Type out all the data below, word for word.

[Dataset records]
'''
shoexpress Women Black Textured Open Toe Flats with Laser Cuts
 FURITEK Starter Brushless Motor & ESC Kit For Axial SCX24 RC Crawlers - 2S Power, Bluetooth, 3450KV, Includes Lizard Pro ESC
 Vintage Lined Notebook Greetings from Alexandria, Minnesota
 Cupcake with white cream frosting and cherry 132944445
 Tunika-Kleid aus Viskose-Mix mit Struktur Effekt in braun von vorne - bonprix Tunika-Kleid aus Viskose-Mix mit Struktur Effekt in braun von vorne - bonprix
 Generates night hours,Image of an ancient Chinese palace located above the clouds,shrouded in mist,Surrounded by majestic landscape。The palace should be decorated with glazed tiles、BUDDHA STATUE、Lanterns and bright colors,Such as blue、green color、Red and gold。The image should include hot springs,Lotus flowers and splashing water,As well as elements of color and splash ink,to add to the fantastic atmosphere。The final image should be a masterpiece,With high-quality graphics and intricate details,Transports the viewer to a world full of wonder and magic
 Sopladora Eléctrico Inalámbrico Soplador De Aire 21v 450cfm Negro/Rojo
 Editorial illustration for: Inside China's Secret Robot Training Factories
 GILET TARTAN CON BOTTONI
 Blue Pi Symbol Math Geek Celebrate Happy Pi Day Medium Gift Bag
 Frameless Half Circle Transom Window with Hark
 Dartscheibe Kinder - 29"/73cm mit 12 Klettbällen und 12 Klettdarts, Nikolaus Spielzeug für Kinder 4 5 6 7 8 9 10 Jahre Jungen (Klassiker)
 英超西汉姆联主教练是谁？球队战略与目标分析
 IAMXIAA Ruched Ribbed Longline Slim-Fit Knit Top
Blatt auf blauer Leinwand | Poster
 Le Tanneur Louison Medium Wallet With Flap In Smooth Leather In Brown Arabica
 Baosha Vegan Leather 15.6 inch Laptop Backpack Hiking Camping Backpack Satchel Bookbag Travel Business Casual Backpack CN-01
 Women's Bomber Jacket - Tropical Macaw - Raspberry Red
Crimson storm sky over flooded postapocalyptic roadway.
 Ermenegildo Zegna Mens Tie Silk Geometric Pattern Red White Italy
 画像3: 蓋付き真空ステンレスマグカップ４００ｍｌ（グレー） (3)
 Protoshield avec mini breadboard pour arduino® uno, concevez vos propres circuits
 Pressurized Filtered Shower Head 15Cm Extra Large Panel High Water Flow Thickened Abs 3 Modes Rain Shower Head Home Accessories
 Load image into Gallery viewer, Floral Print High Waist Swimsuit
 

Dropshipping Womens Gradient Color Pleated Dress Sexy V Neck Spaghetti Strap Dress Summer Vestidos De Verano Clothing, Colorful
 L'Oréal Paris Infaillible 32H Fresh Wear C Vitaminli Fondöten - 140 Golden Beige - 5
'''
## RESULT FOR THIS EXERCISE
shoexpress Women Black Textured Open Toe Flats with Laser Cuts
 FURITEK Starter Brushless Motor & ESC Kit For Axial SCX24 RC Crawlers - 2S Power, Bluetooth, 3450KV, Includes Lizard Pro ESC
 Vintage Lined Notebook Greetings from Alexandria, Minnesota
 Cupcake with white cream frosting and cherry 132944445
 Tunika-Kleid aus Viskose-Mix mit Struktur Effekt in braun von vorne - bonprix Tunika-Kleid aus Viskose-Mix mit Struktur Effekt in braun von vorne - bonprix
 Generates night hours,Image of an ancient Chinese palace located above the clouds,shrouded in mist,Surrounded by majestic landscape。The palace should be decorated with glazed tiles、BUDDHA STATUE、Lanterns and bright colors,Such as blue、green color、Red and gold。The image should include hot springs,Lotus flowers and splashing water,As well as elements of color and splash ink,to add to the fantastic atmosphere。The final image should be a masterpiece,With high-quality graphics and intricate details,Transports the viewer to a world full of wonder and magic
 Sopladora Eléctrico Inalámbrico Soplador De Aire 21v 450cfm Negro/Rojo
 Editorial illustration for: Inside China's Secret Robot Training Factories
 GILET TARTAN CON BOTTONI
 Blue Pi Symbol Math Geek Celebrate Happy Pi Day Medium Gift Bag
 Frameless Half Circle Transom Window with Hark
 Dartscheibe Kinder - 29"/73cm mit 12 Klettbällen und 12 Klettdarts, Nikolaus Spielzeug für Kinder 4 5 6 7 8 9 10 Jahre Jungen (Klassiker)
 英超西汉姆联主教练是谁？球队战略与目标分析
 IAMXIAA Ruched Ribbed Longline Slim-Fit Knit Top
Blatt auf blauer Leinwand | Poster
 Le Tanneur Louison Medium Wallet With Flap In Smooth Leather In Brown Arabica
 Baosha Vegan Leather 15.6 inch Laptop Backpack Hiking Camping Backpack Satchel Bookbag Travel Business Casual Backpack CN-01
 Women's Bomber Jacket - Tropical Macaw - Raspberry Red
Crimson storm sky over flooded postapocalyptic roadway.
 Ermenegildo Zegna Mens Tie Silk Geometric Pattern Red White Italy
 画像3: 蓋付き真空ステンレスマグカップ４００ｍｌ（グレー） (3)
 Protoshield avec mini breadboard pour arduino® uno, concevez vos propres circuits
 Pressurized Filtered Shower Head 15Cm Extra Large Panel High Water Flow Thickened Abs 3 Modes Rain Shower Head Home Accessories
 Load image into Gallery viewer, Floral Print High Waist Swimsuit
 

Dropshipping Womens Gradient Color Pleated Dress Sexy V Neck Spaghetti Strap Dress Summer Vestidos De Verano Clothing, Colorful
 L'Oréal Paris Infaillible 32H Fresh Wear C Vitaminli Fondöten - 140 Golden Beige - 5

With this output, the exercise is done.